We’ve sort of gotten into the habit of referring to the 2018 equity market pullback in the past tense, which is not technically correct as the S&P 500 still languishes around 7 percent below its late-January record high. But the sense of drama that accompanied those big plunges in February in March, alongside the breathless narrative of a global trade war, is no longer clear and present. Is it too early to do a post-mortem and contemplate what may lie ahead? That’s entirely possible – whatever the market decides to do on May Day and the rest of next week is as murky as always. Nonetheless, we have our forensic tools out and will do a little dissecting of the present state of things. As volatile as things have been, this has so far been a remarkably well-behaved little correction.
Highly Relevant Nonsense
Perhaps nowhere is this well-tempered aspect more visible than in the market’s price performance vis a vis its technical moving averages, particularly the 50-day and 200-day averages. Now, we have made the point before and we will make it again: there is nothing magical or transcendental about moving averages. They are just methodical calculations. But they are given relevance because short-term trading strategies make them relevant – another example of the “observation affects reality” phenomenon we have described in other recent commentaries. The chart below shows the year-to-date performance of the S&P 500 along with the 50- and 200-day averages, and also the yield on the 10-year Treasury (which we will discuss in further detail below).
The 200-day moving average often serves as a support level. Technical traders get worried when the market breaches this downside support and fails to reestablish a position above it. No such worries this time: the index breached the 200-day average a handful of times in intraday trading but only closed once below it. Enough of those algo strategies were wired to kick in at this level, and there wasn’t enough prevailing negative sentiment to push prices into further negative territory. This played out most recently during this past week.
Our takeaway message from this is more or less what we’ve been saying throughout this period; namely that the catalyzing X-factors of this pullback – first the inflation fears after the February jobs report and then the new US tariffs – weren’t convincing enough to detract from the background narrative of continuing global growth and healthy corporate earnings.
On the other hand, though, the S&P 500 has had a similarly hard time staying above the resistance level of the 50-day moving average. Sentiment then, while not bearish, is also not wildly bullish. Investors wanting to see a clear “W” shape emerging from the pullback may have to bide their time for a while longer, or at least until the momentum strategy funds that got burned in February have worked through all their pain trades and those moving averages become less relevant to the daily flow of things.

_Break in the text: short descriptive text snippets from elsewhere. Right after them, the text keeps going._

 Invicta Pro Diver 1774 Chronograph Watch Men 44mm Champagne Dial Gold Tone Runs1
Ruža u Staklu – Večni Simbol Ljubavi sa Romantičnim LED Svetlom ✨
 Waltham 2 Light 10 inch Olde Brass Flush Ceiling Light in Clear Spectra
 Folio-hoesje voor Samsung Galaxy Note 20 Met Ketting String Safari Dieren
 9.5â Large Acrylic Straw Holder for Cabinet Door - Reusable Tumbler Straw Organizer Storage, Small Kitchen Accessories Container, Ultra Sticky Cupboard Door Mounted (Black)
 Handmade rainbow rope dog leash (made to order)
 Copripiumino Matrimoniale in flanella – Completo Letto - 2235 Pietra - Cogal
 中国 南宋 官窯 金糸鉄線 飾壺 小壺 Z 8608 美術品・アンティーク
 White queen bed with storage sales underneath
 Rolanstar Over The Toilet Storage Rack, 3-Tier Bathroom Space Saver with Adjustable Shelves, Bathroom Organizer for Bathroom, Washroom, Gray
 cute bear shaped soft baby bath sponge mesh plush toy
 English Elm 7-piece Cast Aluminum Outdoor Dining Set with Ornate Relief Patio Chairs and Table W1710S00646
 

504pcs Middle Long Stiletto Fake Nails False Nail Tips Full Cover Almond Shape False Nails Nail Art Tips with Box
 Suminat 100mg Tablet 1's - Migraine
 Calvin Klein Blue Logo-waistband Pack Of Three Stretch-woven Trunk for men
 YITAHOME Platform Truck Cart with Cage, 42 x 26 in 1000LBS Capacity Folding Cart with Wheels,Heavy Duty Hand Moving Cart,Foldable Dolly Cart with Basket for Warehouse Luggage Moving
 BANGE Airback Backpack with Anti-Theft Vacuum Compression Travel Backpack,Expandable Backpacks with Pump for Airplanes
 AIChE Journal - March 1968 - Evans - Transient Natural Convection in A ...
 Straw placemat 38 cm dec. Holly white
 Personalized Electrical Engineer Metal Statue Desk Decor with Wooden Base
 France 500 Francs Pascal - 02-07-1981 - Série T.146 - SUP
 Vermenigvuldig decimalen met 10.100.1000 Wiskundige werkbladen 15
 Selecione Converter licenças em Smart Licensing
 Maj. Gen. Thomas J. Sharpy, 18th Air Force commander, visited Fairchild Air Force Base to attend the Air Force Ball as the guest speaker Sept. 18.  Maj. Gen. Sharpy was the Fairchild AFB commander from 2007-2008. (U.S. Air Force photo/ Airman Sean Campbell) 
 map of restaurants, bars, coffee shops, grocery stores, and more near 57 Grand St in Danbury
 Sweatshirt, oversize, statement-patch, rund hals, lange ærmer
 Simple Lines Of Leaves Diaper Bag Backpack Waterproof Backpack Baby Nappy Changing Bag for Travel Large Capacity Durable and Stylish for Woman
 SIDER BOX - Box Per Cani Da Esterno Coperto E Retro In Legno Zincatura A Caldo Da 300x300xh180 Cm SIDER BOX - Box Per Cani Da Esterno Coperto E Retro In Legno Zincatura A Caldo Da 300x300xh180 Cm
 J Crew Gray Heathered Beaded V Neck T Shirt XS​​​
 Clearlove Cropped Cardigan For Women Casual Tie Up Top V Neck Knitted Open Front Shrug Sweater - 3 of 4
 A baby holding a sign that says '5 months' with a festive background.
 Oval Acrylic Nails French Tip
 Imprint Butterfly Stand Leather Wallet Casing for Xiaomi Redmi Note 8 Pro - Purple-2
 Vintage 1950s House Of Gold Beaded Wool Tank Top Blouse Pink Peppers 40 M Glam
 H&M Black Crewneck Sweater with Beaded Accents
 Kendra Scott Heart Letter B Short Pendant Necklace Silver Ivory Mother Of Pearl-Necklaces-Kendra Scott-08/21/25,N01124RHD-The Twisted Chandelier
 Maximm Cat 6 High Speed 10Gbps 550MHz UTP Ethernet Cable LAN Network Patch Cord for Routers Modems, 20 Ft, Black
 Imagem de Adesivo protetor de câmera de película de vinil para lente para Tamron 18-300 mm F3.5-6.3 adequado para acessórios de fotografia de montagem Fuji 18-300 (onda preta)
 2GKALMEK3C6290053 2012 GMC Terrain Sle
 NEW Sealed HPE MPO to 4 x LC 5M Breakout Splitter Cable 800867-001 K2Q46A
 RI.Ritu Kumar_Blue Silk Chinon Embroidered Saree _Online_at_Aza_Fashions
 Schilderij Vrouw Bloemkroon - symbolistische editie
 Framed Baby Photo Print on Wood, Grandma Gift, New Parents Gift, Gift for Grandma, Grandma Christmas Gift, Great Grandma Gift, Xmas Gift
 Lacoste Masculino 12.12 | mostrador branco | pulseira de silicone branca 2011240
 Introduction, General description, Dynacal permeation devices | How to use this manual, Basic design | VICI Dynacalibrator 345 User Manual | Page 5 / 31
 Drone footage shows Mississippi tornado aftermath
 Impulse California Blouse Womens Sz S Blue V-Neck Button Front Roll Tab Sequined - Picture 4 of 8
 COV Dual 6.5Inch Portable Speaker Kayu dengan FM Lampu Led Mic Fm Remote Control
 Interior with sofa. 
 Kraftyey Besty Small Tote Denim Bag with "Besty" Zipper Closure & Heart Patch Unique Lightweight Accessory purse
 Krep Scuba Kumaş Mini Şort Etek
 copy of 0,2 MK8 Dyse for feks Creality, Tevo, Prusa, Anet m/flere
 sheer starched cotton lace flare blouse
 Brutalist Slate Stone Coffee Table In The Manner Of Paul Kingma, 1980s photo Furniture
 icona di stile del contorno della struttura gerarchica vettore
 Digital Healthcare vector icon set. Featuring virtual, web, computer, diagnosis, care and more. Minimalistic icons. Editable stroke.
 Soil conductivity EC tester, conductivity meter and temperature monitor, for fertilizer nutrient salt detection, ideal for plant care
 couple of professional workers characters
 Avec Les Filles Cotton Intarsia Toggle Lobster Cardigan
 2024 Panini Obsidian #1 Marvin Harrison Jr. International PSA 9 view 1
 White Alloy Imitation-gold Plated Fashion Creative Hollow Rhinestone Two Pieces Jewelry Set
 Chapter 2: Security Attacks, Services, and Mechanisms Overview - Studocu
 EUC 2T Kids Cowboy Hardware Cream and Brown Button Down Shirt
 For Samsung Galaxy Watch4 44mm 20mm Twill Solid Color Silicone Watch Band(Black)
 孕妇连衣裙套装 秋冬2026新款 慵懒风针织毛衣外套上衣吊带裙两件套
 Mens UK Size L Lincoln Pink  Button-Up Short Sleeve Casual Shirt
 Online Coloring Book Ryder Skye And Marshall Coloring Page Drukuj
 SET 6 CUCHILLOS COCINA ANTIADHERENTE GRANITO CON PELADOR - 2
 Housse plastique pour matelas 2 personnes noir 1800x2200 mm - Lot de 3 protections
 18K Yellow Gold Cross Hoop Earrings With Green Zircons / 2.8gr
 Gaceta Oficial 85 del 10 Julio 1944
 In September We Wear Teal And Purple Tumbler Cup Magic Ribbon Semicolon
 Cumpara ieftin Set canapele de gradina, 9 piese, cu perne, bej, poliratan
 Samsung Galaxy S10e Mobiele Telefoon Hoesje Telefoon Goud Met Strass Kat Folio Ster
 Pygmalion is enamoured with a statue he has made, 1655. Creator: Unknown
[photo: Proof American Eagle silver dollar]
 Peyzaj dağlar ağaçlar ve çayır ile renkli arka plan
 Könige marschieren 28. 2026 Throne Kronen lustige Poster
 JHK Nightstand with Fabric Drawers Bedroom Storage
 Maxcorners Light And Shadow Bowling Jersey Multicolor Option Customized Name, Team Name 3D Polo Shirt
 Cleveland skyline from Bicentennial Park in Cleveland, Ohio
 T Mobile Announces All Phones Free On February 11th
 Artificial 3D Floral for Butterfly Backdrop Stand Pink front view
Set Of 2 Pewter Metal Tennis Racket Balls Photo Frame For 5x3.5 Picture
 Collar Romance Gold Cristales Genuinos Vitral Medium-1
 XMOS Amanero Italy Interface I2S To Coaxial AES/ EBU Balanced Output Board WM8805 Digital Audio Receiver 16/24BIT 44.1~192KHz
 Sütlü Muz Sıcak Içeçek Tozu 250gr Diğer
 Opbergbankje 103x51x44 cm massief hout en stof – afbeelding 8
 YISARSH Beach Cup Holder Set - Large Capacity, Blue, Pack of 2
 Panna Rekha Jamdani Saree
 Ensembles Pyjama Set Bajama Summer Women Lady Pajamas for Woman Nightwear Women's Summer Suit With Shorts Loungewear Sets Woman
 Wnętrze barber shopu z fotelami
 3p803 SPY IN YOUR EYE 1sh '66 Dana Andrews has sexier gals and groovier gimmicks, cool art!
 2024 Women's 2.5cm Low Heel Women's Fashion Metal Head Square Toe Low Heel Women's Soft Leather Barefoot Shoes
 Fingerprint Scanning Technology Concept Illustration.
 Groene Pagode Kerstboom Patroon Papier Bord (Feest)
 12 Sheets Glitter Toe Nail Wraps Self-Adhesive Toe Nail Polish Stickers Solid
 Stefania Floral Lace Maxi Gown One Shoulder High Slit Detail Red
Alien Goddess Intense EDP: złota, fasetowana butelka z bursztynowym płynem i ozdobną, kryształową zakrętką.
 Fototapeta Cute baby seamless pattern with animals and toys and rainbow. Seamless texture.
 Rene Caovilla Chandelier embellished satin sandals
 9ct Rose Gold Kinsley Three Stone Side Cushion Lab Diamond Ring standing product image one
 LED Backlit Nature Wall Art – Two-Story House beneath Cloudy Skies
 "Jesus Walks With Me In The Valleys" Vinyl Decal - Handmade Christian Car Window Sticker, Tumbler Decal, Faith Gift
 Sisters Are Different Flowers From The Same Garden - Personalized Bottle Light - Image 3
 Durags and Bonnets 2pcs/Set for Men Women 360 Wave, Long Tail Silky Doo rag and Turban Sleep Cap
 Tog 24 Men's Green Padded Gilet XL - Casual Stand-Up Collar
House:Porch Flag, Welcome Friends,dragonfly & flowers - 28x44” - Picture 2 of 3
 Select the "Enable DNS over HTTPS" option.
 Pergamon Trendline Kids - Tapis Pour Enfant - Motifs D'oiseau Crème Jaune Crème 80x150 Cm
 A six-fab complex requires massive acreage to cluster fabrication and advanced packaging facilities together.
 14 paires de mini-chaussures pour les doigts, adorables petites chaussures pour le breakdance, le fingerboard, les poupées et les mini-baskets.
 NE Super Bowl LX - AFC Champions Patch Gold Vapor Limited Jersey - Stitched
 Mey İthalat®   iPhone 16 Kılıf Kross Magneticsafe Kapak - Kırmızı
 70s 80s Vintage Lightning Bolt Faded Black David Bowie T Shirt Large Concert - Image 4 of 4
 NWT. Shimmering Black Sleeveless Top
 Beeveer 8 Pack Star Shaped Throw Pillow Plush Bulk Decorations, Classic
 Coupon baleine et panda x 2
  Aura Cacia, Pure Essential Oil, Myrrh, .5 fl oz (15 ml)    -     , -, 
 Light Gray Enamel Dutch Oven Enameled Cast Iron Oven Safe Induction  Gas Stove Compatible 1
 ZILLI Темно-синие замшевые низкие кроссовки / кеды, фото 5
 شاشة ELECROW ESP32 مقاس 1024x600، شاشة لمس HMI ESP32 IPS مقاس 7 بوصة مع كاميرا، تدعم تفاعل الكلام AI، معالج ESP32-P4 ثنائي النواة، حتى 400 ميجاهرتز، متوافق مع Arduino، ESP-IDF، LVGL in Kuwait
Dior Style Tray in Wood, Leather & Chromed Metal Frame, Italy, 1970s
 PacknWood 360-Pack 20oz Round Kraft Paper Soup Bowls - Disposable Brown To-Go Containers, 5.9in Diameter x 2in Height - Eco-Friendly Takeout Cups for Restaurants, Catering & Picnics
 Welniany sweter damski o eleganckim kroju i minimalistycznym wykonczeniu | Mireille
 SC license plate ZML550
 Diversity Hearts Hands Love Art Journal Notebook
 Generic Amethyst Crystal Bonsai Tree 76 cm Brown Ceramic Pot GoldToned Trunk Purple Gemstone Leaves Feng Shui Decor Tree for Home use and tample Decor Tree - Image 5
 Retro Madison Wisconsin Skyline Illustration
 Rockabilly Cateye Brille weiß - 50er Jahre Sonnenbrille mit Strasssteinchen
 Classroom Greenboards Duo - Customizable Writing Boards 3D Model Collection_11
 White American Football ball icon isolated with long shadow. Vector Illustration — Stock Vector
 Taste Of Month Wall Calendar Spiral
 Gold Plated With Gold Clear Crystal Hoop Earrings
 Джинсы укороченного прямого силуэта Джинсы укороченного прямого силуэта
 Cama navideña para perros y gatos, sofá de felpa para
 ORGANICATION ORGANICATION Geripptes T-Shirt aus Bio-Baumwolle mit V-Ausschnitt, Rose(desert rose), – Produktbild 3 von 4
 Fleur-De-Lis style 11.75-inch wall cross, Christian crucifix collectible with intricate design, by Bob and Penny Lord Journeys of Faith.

Stocks and Bonds: Not Quite a Pas de Deux
Another observation that’s done a few laps on the financial pundit circuit recently is the idea that stock prices and bond yields have been moving in the same direction for much of the year. Well, sort of. In the aggregate that observation is clearly not true: stock prices are struggling to break even for the year to date, while the 10-year Treasury yield is up sharply from where it was in early January. But the chart above does show some degree of correlation during different sub-periods, most especially in the first three weeks of January when they did seem to move almost in tandem. Yields also reverted to traditional safe haven behavior during the second (trade war) prong of the pullback in mid-late March.
The correlation pattern diverged more prominently during the S&P 500’s mini-retreat of late last week and the first half of this week. The 10-year yield spiked to puncture the 3 percent level for the first time since 2014. Meanwhile, stocks fell back as investors, digesting a healthy stream of corporate earnings, did their best impression of a bratty kid who didn’t get the exact Christmas present he was expecting. “Peak quarter” seems to be the phrase of the day: the idea that this is about as good as it will get, even though the hard evidence for that glass half empty conclusion appears sparse.
What’s the overall takeaway? There’s a whiff of 2015 in the air. In that year stock prices set a record high in May and didn’t break new high ground until June of the following year (ironically, in the immediate aftermath of the Brexit vote, go figure). Cautious sentiment – neither pessimistic nor optimistic – may keep share prices in a sideways pattern. Those silly moving averages may continue to restrain directional breakouts. This kind of environment often suggests a return to quality, where things like free cash flow and debt ratios actually matter again and careful stock selection can pay off.
Then again, none of that could be true. If there’s anything one learns over the days and years in this profession, it is to always expect the unexpected.